Posted to dev@thrift.apache.org by Chet Murthy <mu...@gmail.com> on 2017/10/17 18:59:59 UTC

"iterated container types" and a nicer JSON wire protocol (2 of 2)

[A second note to follow up on the description of my questions around a new
JSON wire protocol.]

The most .... "intractable" problem with a nicer wire protocol seems to be
in dealing with iterated containers, and specifically with their types.
Consider a message like:

struct Foo {
  1: required list<list<i32>> l ;
}

the generated read() code for member "l" looks like this:

{
  uint32_t _size76;
  ::apache::thrift::protocol::TType _etype79;
  xfer += iprot->readListBegin(_etype79, _size76);
  uint32_t _i80;
  for (_i80 = 0; _i80 < _size76; ++_i80)
    {
      {
uint32_t _size81;
::apache::thrift::protocol::TType _etype84;
xfer += iprot->readListBegin(_etype84, _size81);
uint32_t _i85;
for (_i85 = 0; _i85 < _size81; ++_i85)
  {
    ...
  }
xfer += iprot->readListEnd();
      }
    }
  xfer += iprot->readListEnd();
}

In this code, readListBegin() is supposed to return the size of the list,
and the type of elements.  The size gets used, but the type does not (after
all, the generated code knows the type) get used HERE.  BUT IT IS USED in
the generic skip() template functions.  So:

(1) morally, it seems like readListBegin() MUST return a correct type

(2) in fact, both binary & compact protocols do this -- further evidence
that this is a contract that protocols should fulfil.

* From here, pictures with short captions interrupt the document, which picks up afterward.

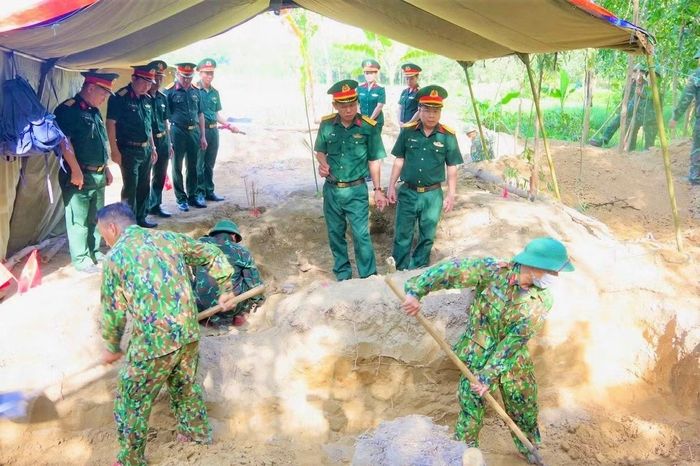 Công tác tìm kiếm, quy tập hài cốt liệt sĩ tại khu vực trận đánh Câu Nhi đang được các lực lượng khẩn trương triển khai.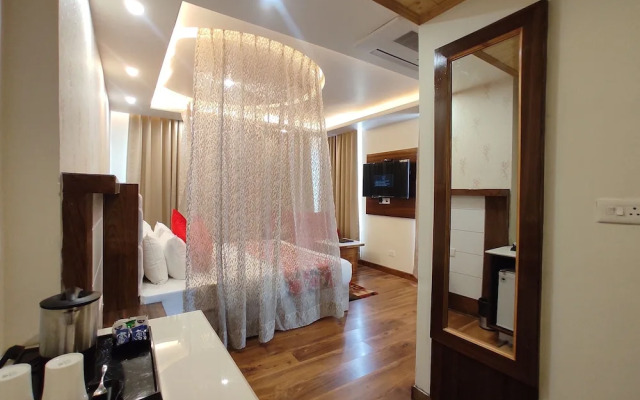 Abhilashi Residency & Spa Manali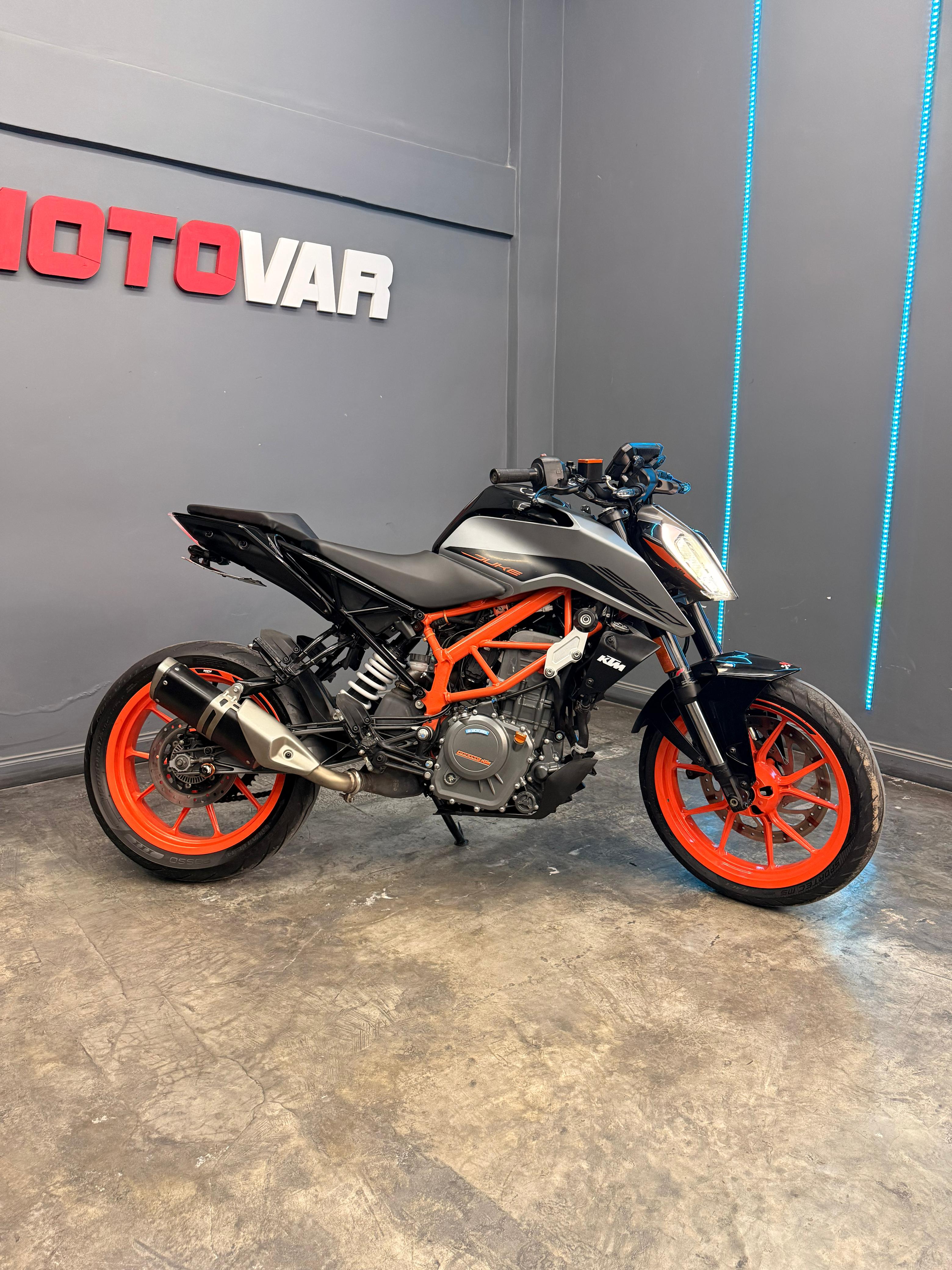KTM DUKE 390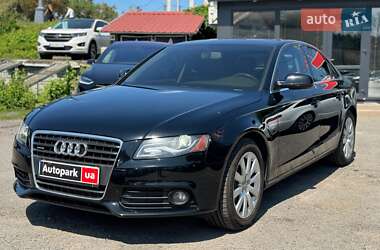 Седан Audi A4 2012 в Виннице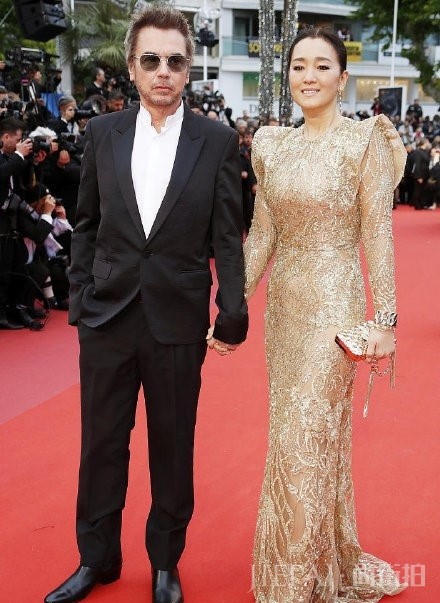 71岁老公把她宠上天!54岁巩俐甩开张艺谋阴霾,放飞自我变身小公主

But in any "nice" JSON protocol, it's going to be complicated to return
that type.  Consider a possible serialization of an instance of that struct:

{ "l": [ [1,2,3], [4,5,6] ] }

demarshalling this could proceed as follows:

(0) deserialize into a JSON DOM so we can find the sizes of the arrays above

(1) then the calls:

readStructBegin()
readFieldBegin() // to read the "l" and ":", return field-id, field-type
(1, T_LIST)
readListBegin() // read first "[", return size, elem-type (2, T_LIST)
readListBegin() // read second "[" return size, elem-type 3, (T_I32)
readI32() // read "1"
. etc ....

(2) readFieldBegin() can use lookaside data to map the string "l" to <1,
T_LIST>
(3) with some trickery, the first readListBegin() could do the same (and
since we deserialized into a JSON DOM already, computing size is easy)
(4) BUT without keeping full recursive tree type-data-structures around at
runtime, I don't see how the second readListBegin() can be
properly/correctly implemented.

And this is a simple case.  If we consider something like map<string,
map<string, list<i32> > >, it seems pretty clear that the JSON protocol
module would have to be stepping thru a tree-structured state-machine in
sync with the generated read() method.

And that doesn't seem like a recipe for maintainability.

I do think there's another way to solve this problem, but I don't want to
address it until I've already closed-off ths particular avenue of
investigation.

Any comments/advice welcome.

Thanks,
--chet--